Data Driven Business

11 years ago
Adobe CMO: Put People and Process Before Technology

For those who think technology alone can make their marketing efforts more successful, the chief marketing officer of Adobe has some advice: “I wouldn’t waste your money on it.”

Ann Lewnes offered the candid comment during an on stage appearance at last week’s Forrester Forum for Marketing Leaders in San Francisco. She had just been asked for the one major piece of advice she’d give the audience.

“The major thing I would advise is that technology is not enough. You can bring in tons of technology, but if you don’t take care of the organizational issues and the process issues….?” she mused, letting the question hang unanswered over the crowd.

“Without making the process changes and the people changes … the technology? I wouldn’t waste your money on it.”

People Matter

She isn’t alone. Just a week earlier, at Achievers’ Aspire conference, several speakers spoke of the importance of having the right people and processes in place when you introduce technology that enhances the customer experience.

Any marketers who can think back to their first exposure to Salesforce, Marketo or other marketing and sales automation tools understands the issue here — the technology may be wonderful, but it doesn’t do anything by itself. It requires training and processes to generate real results.

In the exhibit hall at the Forrester conference, Avi Spivack, director of product marketing for Adroit Digital, spent most of the show under a sign that read “Hooray for Humans” — the slogan for his company which prides itself on developing technology that ordinary folks can master quickly. Still he called Lewnes comment “a little extreme.”

Just Can’t Wait

“You absolutely need the right people, both internally and externally — vendors and partners,” he said. “But the ad technology is quite evolved at this point and I don’t think most businesses have the luxury of waiting to hire the right people or signing on with the right set of partners before they make all of their tech decisions or investments.”

Spivack instead suggested adopting smaller, modular technologies as marketers move gradually toward a long-term goal. “Ultimately, you will likely need a small handful of technology partners, so gaining a diversity of experience is important,” he said.

To be sure, Lewnes did encourage the marketers to “start small” and gain experience.

“We started with data analytics and we moved onto target multivariate testing,” she said. “We re-platformed our website with a new content management system. We started using a campaign management system. Now we do in-house media optimization and econometric modeling. So I wouldn’t say let’s do everything simultaneously. I would start and, concentrically, go out.”
Two Dollars in 10

How much of its marketing resources should a company spend on technology? “In terms of the actual percentage, I think it depends on the company. Twenty percent of your budget is about right, I would say, to allocate to marketing technology,” she said. She then quipped: “And you need to spend it all with us.”
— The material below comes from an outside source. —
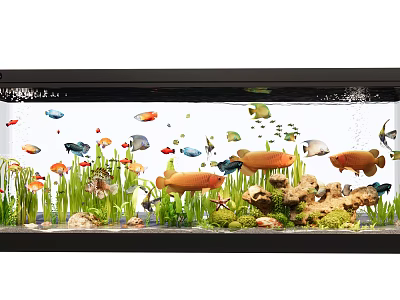 Stunning Aquarium With Various Colorful Fish Aquatic Plants And Decorative Rocks 3d model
“It’s funny, you know, most of the companies we initially used, we ended up buying,” she said. “So I’m used to paying all those companies. It isn’t cheap, but you have to do it.”

Lewnes said even she has to justify every expense in marketing to senior management.

“The way I initially started justifying expenses for this technology was going in with my spreadsheet and showing the actual benefit of implementing this kind of technology,” she said, recalling how that effort began with econometric modeling about five years before that became common practice at other companies.

Believe in Technology

“We were able to understand, based on years of historical budget data, what the exact amount we should be spending on a particular campaign was in order to attain a certain bookings level, or a certain revenue level. And we could do it within five points of accuracy,” she said. “If I can go in and explain that to a very narrow degree, that’s obviously going to make my CFO and my CEO believe in the technology.”

The next big frontier for many marketers will be merging mobile into their campaigns, and Lewnes had some strong thoughts on that, too.

“I would say on the marketing side, nobody’s doing a good job. I haven’t seen any brand marketer doing a great job with mobile, ourselves included. I think it’s a huge gap,” she said. “Both on the client side and the agency side, we definitely have not cracked the code.”